What the person will do next. If your point of sale is nearby, the format has to push them to come in now. If there’s no point of sale, the task is different: lodge yourself in their memory until the moment of purchase.
This is why static digital billboards, media façades, and street video screens don’t compete with each other directly. Each covers its own scenario. A large supersite at the city entrance builds reach and works on raising brand awareness. A screen at a stop with a long contact lets you lead the person further, all the way to scanning a code. Out-of-home video advertising on transport catches the audience in motion along the entire route, not at a single point.
A simple rule: scenario first, format second. Not the other way around.

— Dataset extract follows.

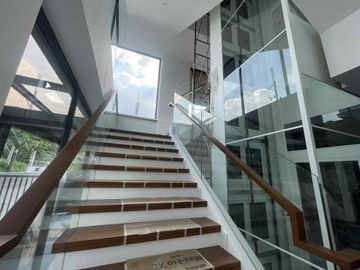 Massive QC Mansion with Private Pool, Rooftop, Elevator & 5BR - Gio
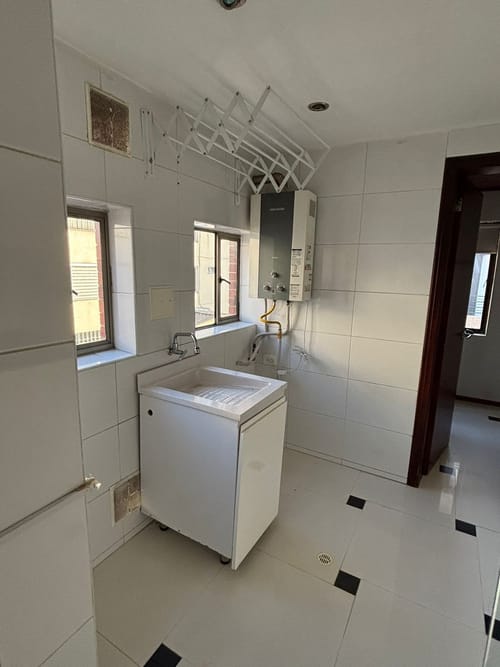 Apartamento de 3 alcobas en arriendo en Santa Barbara, Bogotá, 176 m² · foto 12 de 23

Let’s show it with an example. A coffee shop in a business district wants more visitors in the morning. The owner’s first thought — a big board on the main thoroughfare nearby. The logic is clear: lots of cars, lots of eyes. But a driver at eight in the morning is heading to work, he won’t turn into the coffee shop here and now.
The money goes to reach that doesn’t convert. The working solution is different: a screen at a stop two hundred meters from the place, where people stand and wait for several minutes. Long contact, a pedestrian audience, the point of sale right there. The same budget, a different result. The format was decided not by size, but by the scenario.

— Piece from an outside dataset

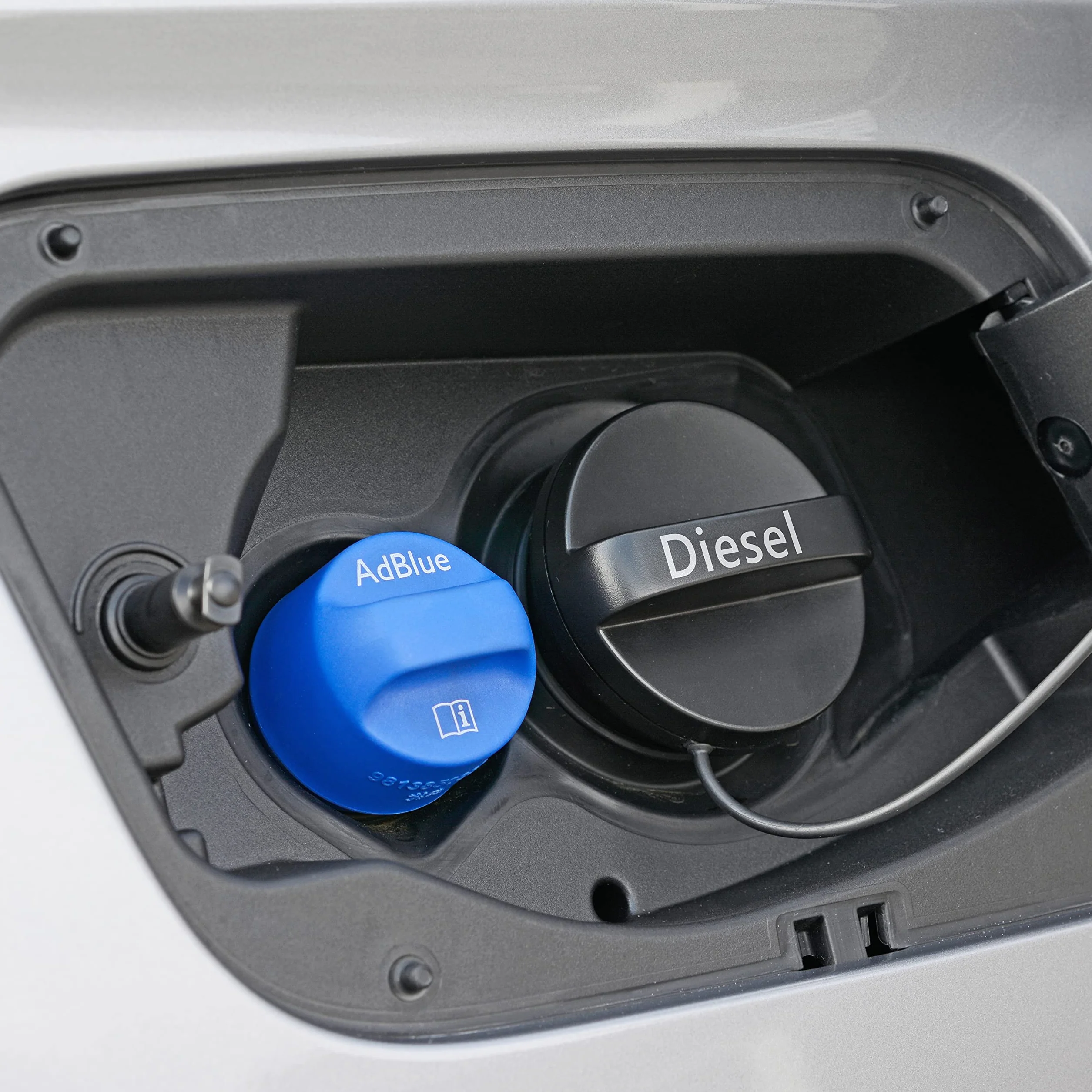AdBlue ADDITIVO Gas di Scarico Motori Diesel TANICA con Tubo di RIEMPIMENTO 20 lt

DOOH, classic, or online: whose zone is whose
In 2026 this is no longer an “either-or” argument. Each channel has a zone where it’s stronger.
Attention. The street wins here. An online banner is easy to miss, a DOOH screen — hard. But there’s a nuance: the depth of interaction is limited. A person doesn’t click or leave a comment. The maximum engagement is to scan a code. So the bet here is on reach and memorability, not on an instant click.

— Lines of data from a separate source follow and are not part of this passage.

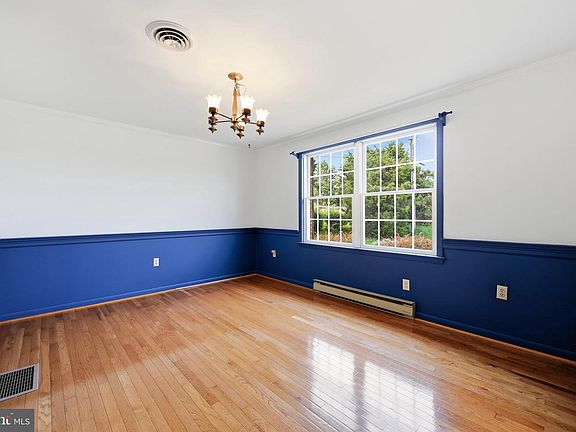 4th image of 4415 Saint Marks Rd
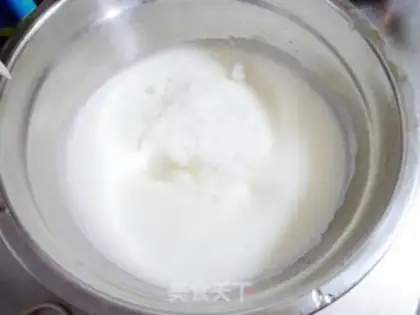 Make Pink pig cake step 9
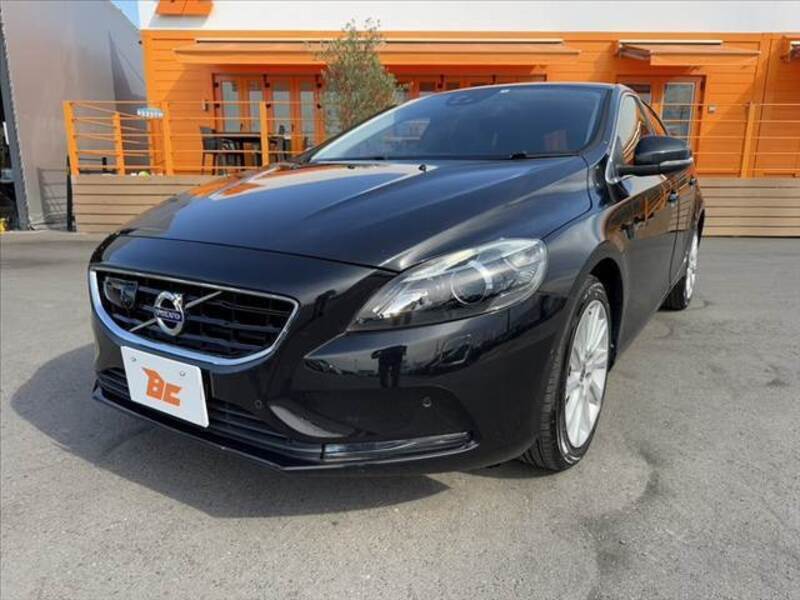 V40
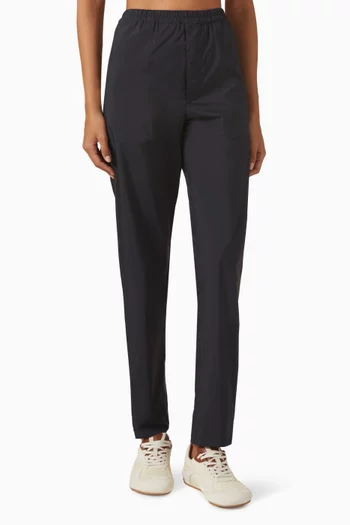 بنطال بقصة ساق تضيق نحو الأسفل نايلون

Ad targeting. The internet is still the leader. Online slices the audience by interests, behavior, demographics — all the way to a personalized message. DOOH narrows this gap through geolocation targeting and triggers: time of day, weather, season. But it works rather with flows, where “warm” and “cold” people are mixed together, than with a specific user.
That said, the gap is narrowing faster than it seems. Geolocation targeting allows you to show ads not to “the whole city,” but precisely where your audience moves: near business centers, in residential districts, on specific routes. This is no longer blind reach. This is targeting by people’s behavior in physical space, and for many tasks its precision is entirely sufficient.
Flexibility. Here programmatic DOOH changes the rules. The creative can be replaced remotely, ad campaigns launched in real time, the display tied to the weather or the exchange rate, hypotheses tested without rebooking the board. Classic outdoor advertising can’t do this. A simple scenario: it started raining — delivery ads automatically appear on the screens; the sun came out — the display switches to the summer collection.
All without calls to the agency and without reprinting a banner. The budget goes where it currently pays off, instead of hanging dead for weeks.
Budget. Online offers a low entry threshold and quick optimization. Classic out-of-home advertising requires larger investments but delivers broad reach and works on image. DOOH stands in the middle: more expensive than online, more flexible than a static board.
The conclusion is simple. The internet is stronger at precise targeting. The street is stronger at attention and reach. DOOH advertising is the bridge between them. Not a replacement for either channel, but a connecting link.
How to measure DOOH effectiveness and not take it on faith
Now the most painful part. Many still stop at the classic metrics of reach and contact frequency. They show how many people theoretically saw the ad. They say almost nothing about the main thing — whether the ad led to action.
That’s why measuring DOOH effectiveness in 2026 requires an applied approach. Contact has to be linked to a result. There are several working tools.
Promo codes. A unique code on the creative directly links the street display to a purchase or an application. Especially good for e-commerce and services with a quick decision cycle. The downside you need to know: not everyone will enter the code, even if the ad influenced them. So such data almost always understates the real effect.
QR codes in ads. They instantly move a person from the street into online and record the transition. But context decides everything. Behind the wheel or in dense traffic, the code doesn’t work — there’s neither time nor safety to scan. But at a stop, in an elevator, or on transport, where the contact is long, this is one of the most convenient ways to track traffic and conversions.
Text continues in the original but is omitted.